主人公は「私」、もぅすぐ二十三歳になる浜野清美。
北海道、旭川、そして札幌を主なステージに、五歳の頃から生きてきた日々の時間が、読者の目の前に展開されます。
「清い」と「美しい」という名前を恥ずかしいと感じ、親を憎みさえする感情を持って、自分を見つめてきました。
その名前を付けてくれたかもしれない、父の顔を清美は知らない。母と二人での生活。
母には何人かの男の友人がいて、かわるがわるやって来ます。 そのたびに母から、「いいと言うまでおもてで遊んでるんだよ」。
と百円を渡され、表に出されます。
晴れた日はまだいいが、雨の日も風の強い日も、凍るような寒い日でも、(死んでしまいたいような淋しさ) を、近所の人の好奇の目を受けながら耐える。
まだ、小学生にもならない女の子の、耐え難い体験です。
清美が五歳の時の六月、旭川のお祭りの日。

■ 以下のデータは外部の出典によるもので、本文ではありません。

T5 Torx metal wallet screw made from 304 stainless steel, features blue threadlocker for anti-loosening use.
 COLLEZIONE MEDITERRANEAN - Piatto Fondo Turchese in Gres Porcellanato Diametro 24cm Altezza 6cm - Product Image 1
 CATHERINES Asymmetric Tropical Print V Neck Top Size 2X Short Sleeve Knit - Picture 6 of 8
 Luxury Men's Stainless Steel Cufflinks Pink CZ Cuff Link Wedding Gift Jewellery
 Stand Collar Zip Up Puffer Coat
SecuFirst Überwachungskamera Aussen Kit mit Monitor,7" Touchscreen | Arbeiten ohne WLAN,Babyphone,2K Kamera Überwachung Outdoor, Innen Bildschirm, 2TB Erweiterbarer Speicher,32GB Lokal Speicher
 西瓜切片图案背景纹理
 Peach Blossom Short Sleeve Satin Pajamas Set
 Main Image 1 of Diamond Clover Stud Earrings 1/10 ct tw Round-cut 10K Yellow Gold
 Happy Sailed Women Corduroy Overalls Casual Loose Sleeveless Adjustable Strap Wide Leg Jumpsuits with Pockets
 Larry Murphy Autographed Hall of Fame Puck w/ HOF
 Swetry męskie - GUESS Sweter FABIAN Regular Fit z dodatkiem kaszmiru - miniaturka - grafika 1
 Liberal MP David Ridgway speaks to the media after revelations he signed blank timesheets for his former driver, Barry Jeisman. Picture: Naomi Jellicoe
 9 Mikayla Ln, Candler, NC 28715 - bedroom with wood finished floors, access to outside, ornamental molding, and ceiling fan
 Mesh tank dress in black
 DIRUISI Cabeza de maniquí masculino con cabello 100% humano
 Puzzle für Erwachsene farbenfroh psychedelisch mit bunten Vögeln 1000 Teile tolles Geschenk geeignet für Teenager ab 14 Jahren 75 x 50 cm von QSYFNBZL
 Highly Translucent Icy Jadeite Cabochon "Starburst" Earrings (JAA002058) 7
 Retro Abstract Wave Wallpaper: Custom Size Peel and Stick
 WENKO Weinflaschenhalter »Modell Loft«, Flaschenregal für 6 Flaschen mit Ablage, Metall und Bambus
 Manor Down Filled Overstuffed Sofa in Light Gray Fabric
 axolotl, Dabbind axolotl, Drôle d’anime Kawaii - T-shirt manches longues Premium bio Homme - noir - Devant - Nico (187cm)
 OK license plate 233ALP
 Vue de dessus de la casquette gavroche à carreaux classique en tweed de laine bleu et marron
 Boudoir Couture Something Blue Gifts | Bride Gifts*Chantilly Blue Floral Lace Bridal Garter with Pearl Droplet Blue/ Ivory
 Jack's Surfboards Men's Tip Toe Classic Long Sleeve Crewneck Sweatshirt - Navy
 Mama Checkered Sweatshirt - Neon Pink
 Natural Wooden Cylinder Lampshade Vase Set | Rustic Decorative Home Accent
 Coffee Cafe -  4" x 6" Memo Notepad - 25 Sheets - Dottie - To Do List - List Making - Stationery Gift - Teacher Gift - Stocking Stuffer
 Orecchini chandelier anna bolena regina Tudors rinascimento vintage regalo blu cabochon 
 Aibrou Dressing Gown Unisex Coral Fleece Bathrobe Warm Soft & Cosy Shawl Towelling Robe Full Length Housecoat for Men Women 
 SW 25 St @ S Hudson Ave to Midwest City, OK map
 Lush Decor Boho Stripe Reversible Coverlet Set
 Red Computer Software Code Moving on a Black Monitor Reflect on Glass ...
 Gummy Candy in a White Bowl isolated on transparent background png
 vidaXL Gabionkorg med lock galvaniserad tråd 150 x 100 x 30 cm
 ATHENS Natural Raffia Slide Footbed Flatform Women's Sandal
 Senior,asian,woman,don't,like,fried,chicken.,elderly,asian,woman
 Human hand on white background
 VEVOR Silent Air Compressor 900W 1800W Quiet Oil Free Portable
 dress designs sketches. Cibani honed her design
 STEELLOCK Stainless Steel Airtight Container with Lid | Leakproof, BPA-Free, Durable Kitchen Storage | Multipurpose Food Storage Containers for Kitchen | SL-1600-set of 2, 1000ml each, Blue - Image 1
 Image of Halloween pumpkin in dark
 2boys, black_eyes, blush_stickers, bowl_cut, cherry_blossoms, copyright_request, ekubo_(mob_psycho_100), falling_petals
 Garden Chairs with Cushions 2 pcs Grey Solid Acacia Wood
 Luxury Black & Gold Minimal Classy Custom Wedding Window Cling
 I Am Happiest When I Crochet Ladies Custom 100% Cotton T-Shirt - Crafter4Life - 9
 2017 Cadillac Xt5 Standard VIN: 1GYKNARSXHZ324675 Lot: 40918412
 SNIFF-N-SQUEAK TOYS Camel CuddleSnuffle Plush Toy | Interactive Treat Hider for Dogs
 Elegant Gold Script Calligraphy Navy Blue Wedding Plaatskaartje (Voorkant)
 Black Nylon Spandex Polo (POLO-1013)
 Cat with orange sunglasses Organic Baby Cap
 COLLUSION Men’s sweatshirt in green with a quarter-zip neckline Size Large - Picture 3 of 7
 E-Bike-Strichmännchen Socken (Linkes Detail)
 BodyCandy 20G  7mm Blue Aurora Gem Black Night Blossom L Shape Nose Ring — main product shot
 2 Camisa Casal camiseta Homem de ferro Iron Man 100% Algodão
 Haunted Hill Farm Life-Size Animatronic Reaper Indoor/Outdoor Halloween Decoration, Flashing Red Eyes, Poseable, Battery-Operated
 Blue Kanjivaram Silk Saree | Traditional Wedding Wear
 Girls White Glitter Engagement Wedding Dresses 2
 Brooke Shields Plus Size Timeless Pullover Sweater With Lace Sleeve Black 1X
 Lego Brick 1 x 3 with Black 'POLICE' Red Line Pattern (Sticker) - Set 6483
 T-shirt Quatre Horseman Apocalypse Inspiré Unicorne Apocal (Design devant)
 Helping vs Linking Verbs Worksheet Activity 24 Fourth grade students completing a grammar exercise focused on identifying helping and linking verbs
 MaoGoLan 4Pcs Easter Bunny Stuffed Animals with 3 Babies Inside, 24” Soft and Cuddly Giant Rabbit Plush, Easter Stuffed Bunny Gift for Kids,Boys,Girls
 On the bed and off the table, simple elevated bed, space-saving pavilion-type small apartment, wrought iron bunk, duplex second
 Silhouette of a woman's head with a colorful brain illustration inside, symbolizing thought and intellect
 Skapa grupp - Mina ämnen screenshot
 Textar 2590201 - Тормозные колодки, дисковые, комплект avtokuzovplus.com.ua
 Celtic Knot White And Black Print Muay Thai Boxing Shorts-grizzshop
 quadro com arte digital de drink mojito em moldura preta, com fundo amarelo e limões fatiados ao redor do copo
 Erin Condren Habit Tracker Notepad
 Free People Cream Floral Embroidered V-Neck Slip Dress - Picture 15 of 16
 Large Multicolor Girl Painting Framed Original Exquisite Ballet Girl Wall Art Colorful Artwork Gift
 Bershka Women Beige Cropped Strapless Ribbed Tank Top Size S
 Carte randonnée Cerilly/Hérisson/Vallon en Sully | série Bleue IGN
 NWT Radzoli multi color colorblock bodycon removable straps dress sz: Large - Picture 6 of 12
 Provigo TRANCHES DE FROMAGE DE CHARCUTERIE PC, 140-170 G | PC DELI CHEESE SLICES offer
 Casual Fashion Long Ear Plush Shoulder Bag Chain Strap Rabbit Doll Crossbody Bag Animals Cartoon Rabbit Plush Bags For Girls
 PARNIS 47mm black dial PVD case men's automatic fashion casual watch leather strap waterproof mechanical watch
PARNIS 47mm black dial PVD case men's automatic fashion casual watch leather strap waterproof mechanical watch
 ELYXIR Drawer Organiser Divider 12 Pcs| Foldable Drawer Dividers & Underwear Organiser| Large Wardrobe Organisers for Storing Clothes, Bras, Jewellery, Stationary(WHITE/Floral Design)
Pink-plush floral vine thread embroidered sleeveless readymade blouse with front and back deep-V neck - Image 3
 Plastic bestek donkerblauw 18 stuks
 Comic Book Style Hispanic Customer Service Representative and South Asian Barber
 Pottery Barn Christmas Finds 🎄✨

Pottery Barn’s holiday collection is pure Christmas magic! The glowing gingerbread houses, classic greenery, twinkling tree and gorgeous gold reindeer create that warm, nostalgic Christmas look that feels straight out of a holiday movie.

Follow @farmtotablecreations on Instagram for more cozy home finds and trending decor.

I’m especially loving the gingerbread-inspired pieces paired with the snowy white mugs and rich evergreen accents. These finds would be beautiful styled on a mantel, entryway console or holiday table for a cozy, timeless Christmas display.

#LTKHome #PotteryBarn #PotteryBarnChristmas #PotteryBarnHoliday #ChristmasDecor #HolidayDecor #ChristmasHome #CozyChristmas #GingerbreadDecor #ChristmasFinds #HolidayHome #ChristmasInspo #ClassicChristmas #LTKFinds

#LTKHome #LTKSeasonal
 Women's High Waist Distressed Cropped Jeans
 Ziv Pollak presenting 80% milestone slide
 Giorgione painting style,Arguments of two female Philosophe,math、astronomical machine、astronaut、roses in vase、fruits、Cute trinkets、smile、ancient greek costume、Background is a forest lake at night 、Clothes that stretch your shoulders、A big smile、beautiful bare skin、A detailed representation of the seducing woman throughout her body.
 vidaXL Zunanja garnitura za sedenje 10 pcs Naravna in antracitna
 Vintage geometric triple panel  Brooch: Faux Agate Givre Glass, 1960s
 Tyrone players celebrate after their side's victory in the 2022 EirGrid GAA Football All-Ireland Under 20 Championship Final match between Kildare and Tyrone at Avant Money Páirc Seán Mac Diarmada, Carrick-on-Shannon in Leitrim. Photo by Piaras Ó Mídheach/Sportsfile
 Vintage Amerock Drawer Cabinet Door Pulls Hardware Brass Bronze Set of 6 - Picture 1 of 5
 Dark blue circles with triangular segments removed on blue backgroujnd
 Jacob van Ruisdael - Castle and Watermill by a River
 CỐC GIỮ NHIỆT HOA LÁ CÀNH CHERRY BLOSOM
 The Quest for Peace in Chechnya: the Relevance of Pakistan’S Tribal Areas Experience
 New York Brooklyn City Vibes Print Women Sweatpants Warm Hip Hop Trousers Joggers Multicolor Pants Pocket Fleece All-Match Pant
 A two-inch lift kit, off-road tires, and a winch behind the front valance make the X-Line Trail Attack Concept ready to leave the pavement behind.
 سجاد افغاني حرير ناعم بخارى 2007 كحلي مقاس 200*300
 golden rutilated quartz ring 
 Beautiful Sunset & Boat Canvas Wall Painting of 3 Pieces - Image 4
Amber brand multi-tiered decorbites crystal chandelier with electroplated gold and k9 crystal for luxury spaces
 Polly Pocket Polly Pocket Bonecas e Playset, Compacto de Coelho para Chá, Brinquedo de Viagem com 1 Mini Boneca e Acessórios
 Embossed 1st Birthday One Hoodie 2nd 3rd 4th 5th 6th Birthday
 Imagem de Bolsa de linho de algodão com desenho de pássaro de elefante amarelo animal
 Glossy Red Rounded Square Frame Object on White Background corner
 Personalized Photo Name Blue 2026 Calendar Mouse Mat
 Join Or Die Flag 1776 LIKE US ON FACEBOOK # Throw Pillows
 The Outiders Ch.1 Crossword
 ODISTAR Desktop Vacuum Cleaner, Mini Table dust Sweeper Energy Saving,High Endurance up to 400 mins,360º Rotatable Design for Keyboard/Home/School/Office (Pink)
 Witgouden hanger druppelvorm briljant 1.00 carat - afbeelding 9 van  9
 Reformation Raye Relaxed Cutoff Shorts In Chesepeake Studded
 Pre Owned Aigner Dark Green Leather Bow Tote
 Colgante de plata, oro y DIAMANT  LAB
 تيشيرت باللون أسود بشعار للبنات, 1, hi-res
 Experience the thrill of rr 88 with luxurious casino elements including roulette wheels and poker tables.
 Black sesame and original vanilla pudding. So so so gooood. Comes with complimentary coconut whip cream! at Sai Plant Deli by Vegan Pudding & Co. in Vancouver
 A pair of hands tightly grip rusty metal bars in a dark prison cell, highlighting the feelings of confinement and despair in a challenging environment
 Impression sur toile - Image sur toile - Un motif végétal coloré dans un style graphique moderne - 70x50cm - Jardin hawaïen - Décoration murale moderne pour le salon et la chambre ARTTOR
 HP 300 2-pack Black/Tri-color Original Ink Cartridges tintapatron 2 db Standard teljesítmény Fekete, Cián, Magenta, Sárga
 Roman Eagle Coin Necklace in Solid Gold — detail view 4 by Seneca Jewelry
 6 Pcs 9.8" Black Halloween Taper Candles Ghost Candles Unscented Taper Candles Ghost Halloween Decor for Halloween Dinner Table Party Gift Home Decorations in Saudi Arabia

家の前にも花笠が高くつるされて、浮き立つような風景があります。
でも、その日も母に言われて、表に出され、淋しさを紛らわすために、独りで地面に絵を描いては消し、また描いたりしていたとき、気が付くと、
いつのまにかうしろに女の人が立っていました。
「アルバム」が輝きを見せる場面です。
このページがなければ、清美のそれからの人生は、全く違った色彩のなかであえぎ、希望をさえ見いだせないものであったことでしょう。
その女の人は、品のいい顔立ちをほころばせて、「あなた、清美ちゃんね」。 見ず知らずの人から、「清美ちゃん」と呼ばれて、びっくりします。
どうして名前を知っていたのか。
「清美ちゃん、小母さんと一緒に、ちょっとその辺まで行ってみない?」
清美はためらわずに、「うんと、答えました。
「小母さんどこの人」と、たずねると、「小母さんね、札幌からきたの」。
二人が家の近くの清美の大好きな草原まで来たとき、その人が清美をひしと、抱きしめて、はらはらと涙をこぼしたのです。